Bunnet provides a layer for data objects based on Pydantic, which allows them to be stored and loaded from the database in a simple and synchronous way. Bunnet has also a twin, Beanie, which is an asynchronous version of the same library. But should you use Bunnet or Beanie?

When is synchronous better?

There are many use cases for synchronous processing. Namely, in data processing, as in many other things, it is often the case that you can’t start the next thing until the previous one is finished. For example, you can’t start tying your shoelaces until you’ve put the shoes on, and so on. Or of course you can try it, but then you can go for a walk some other time.

In addition to putting on clothes, you may have to convert raw data from some measuring device along the way into reduced format that can be more easily displayed in graphs. This may also have to be done sequentially, step by step, as the data is refined into its final form.

This was also the case in a playful example from a previous blog post of mine a couple of years ago, where log data from the washing machines is processed. This can be applied to anything. For example, for processing data from devices that measure electricity consumption.

In this case, the background process can continue to convert the measurement data to different derivatives in its own isolated container. A synchronous operating model can be suitable for this, when there is one CPU per container and each container processes a separate dataset.

What about when there are many measuring devices?

When we consider that the data of each device forms its own sequenced processing entity, the system can be made really scalable when each run takes place in its own container. Each container processes one measuring device conversion iteration at a time.

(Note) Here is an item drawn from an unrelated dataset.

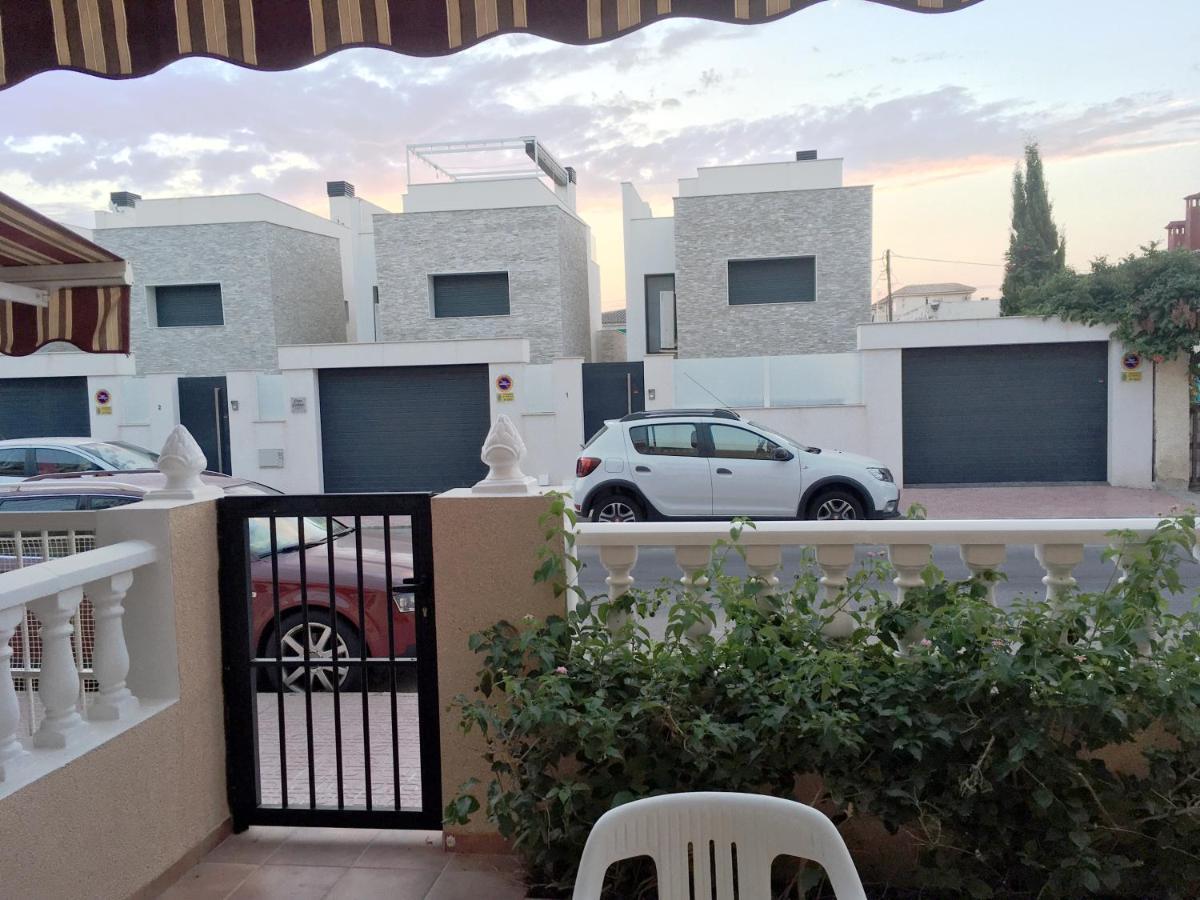 Apartmento Hana Con Terraza - Despues De La Renovacion General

Perhaps, for example, processes the latest data that has entered the database since the last iteration. When more devices are added to the cluster, the number of containers is only scaled up. This is really easy with Kubernetes, which is like it was created for this type of work. Each container processes one data source at a time and only one container processes one measuring device at a time.

Sequential but asynchronous code

It’s easy to confuse the concepts of sequential vs. concurrent and synchronous vs. asynchronous. The thing is, synchronous code can only be executed sequentially, but asynchronous code can be executed both sequentially and concurrently. It can be forced to run sequentially with await keyword before each call. Such asynchronous code works almost in the same way as synchronous code. The difference is, however, that it doesn’t block the execution of the event loop within the same program. And that’s a big difference!

Or is it?

If the runtime environment only has one CPU, it cannot be magically made to run faster by writing concurrent code with asynchronous functions. The end result will not change because parallelism is just an illusion. One CPU can still only do one thing at a time. If you observe anything else, it’s just an illusion made via ultra rapid context switching.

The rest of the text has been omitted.